The worn paving stones discovered under a thick layer of modern concrete in Rio de Janeiro don’t look like much at first. But it was here that some million slaves from Africa took their first steps in Brazil.
“It’s a unique memorial, containing the last remaining vestiges of the slaves’ arrival,” said anthropologist Milton Guran.
Next week, the UN cultural body UNESCO will consider whether to award what’s known as Valongo Wharf world heritage status, winning protection as a site of global importance.
The wharf, or what remains of it, would join sites like the Taj Mahal in India and the ruined Inca city of Machu Picchu. UNESCO, which is meeting between July 2-12 in Krakow, Poland, already chose Rio de Janeiro as a heritage site in 2012, recognizing the city’s unique combination of landscapes between mountains and the sea.
For Valongo, the honor would make it a twin with Ile de Goree, a small island in Dakar harbor that was chosen in 1978 as the emblem of the departure points for slaves from west Africa on their way to the Americas.
Now on the other side of the Atlantic from Senegal, across the grim route known as the “middle passage,” the stones of Valongo Wharf commemorate the slaves’ arrival.
Today the Valongo site is not on the water, but well inland, following expansion of the original city. The remains were only discovered by accident in 2011 during massive works to refurbish the port area for the 2016 Olympics.
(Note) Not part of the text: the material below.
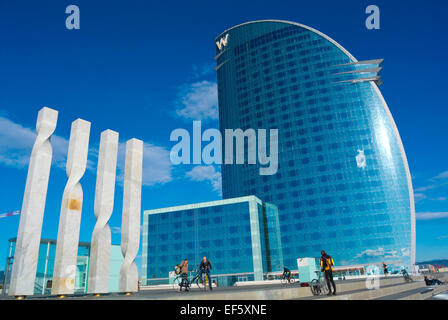 W Barcelona hotel exterior, Placa de la Rosa dels Vents, remis en zone portuaire, Barceloneta, Barcelone, Espagne Banque D'Images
Historians had known that this was the area where the biggest slave trade in the Americas was centered, but few Brazilians were aware. Nearby, a couple discovered by chance that their house was sitting on a mass grave of what could be tens of thousands of slaves.
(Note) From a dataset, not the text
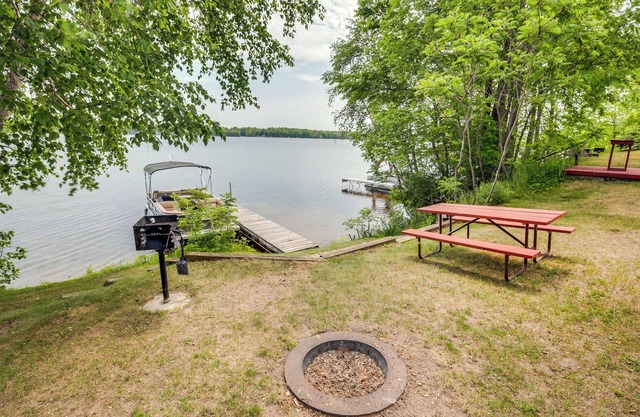 Pet-Friendly Wisconsin Cabin on Lake w/Fire Pit!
Valongo is where the slaves, often emaciated and sick after the voyage, were taken to be quarantined, sorted and sold.
“Those who survived the crossing were taken straight to the slave market,” historian Claudio Honorato said.
“The whole neighborhood lived on this business. There were even manufacturers of the chains and iron collars,” Honorato, a researcher at the Institute of New Blacks, which curates the mass grave site, said.
An estimated four million or so Africans were shipped to Brazil, far more than to the United States and amounting to about 40 percent of all trans-Atlantic slaves.
With slavery only being abolished in 1888, the echoes of that traumatic history continue to sound today in a country where racism is deeply embedded.
Valongo Wharf, which was active between the end of the 18th century and the mid-19th century, can now help to shed light on that buried history.
“We knew that the Valongo Wharf was in the area, but we were surprised to find it so well preserved, even after it had been underground for so long,” said archeologist Tania Andrade Lima.
Fragments of a mid-19th century refurbishment can still be seen at the wharf when it was made to look more palatable for the arrival of Princess Teresa Cristina Maria de Bourbon, who had come to marry Emperor Pedro II.
“That work is extremely symbolic because it represents the contrast between two extremes of society: it’s as if the princess was trampling over the slaves,” Lima said.
Honorato calls that makeover of the otherwise functional, massive stone dock “the first attempt to bury the memory.”
If UNESCO recognizes Valongo’s world heritage status, that would be a sort of reparation for a “crime against humanity that is still being paid for by the descendants of the victims today.”
Guran also sees a far reaching consequence to the UNESCO label: “It will oblige Brazil to recognize its African roots” and will also encourage educational tourism.
For the neighborhood really to take off as a tourist destination, however, Rio’s authorities will have to deal with more modern problems — crime and the presence of crack addicts in the little visited area.